Return the data below unchanged. Drop any pictures.

Available data:

- Opening Delimiter -

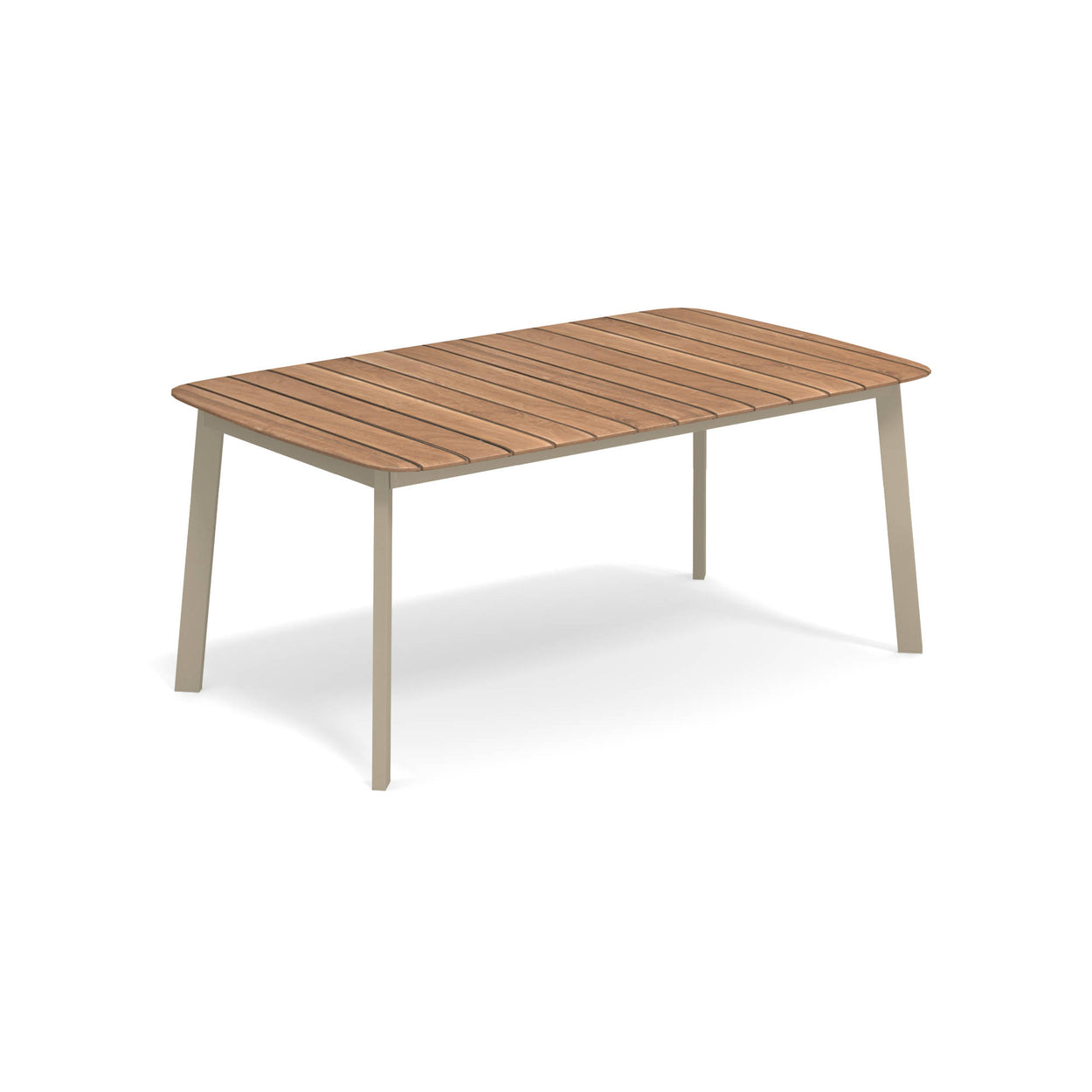 Shine Table rechthoek Aluminium + Teak top - 166x100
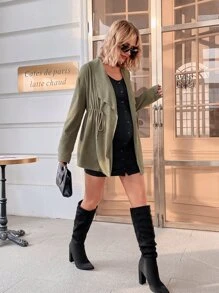 SHEIN Maternity Drawstring Waist Waterfall Collar Coat - Army Green - View 1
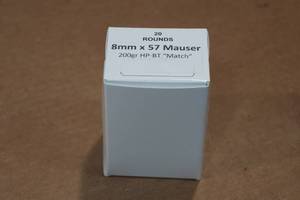 lot 411 image: 20 8mm Mauser 200 Gr HP BT Match Ammo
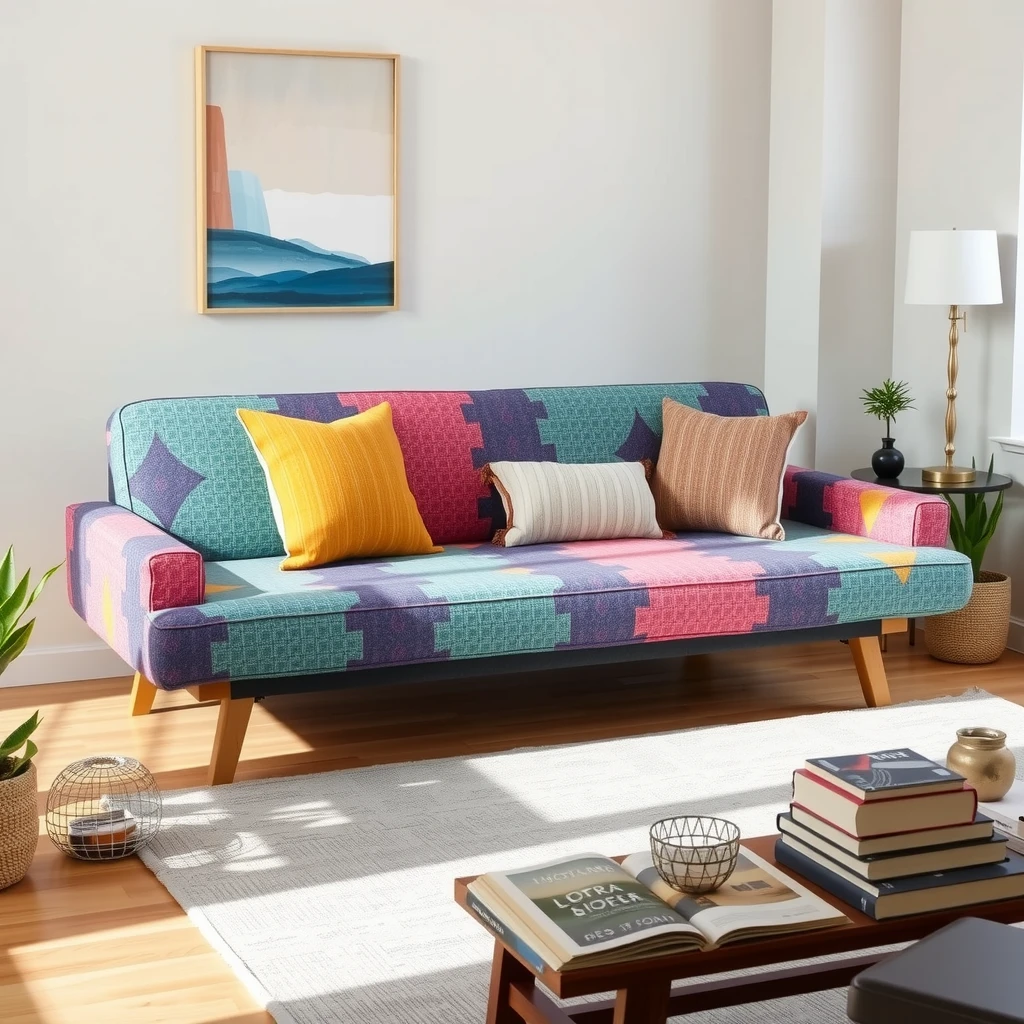 Stylish futon sofa bed with colorful customizable cover in a studio apartment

- Closing Delimiter -

Output of the exercise:
 Shine Table rechthoek Aluminium + Teak top - 166x100
 SHEIN Maternity Drawstring Waist Waterfall Collar Coat - Army Green - View 1
 lot 411 image: 20 8mm Mauser 200 Gr HP BT Match Ammo
 Stylish futon sofa bed with colorful customizable cover in a studio apartment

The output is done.